Description of the task: Would you repeat exactly the part of the listing below that runs from the line containing "Armlift Before & After Image" down to the line containing "Closure of oral mucosa", inclusive, and nothing else?

The records:
::::
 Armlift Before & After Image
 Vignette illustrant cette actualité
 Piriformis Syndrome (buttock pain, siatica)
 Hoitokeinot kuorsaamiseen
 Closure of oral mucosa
::::
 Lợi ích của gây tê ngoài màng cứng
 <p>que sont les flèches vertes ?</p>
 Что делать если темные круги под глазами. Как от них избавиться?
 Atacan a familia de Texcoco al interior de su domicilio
::::
Answer section:
 Armlift Before & After Image
 Vignette illustrant cette actualité
 Piriformis Syndrome (buttock pain, siatica)
 Hoitokeinot kuorsaamiseen
 Closure of oral mucosa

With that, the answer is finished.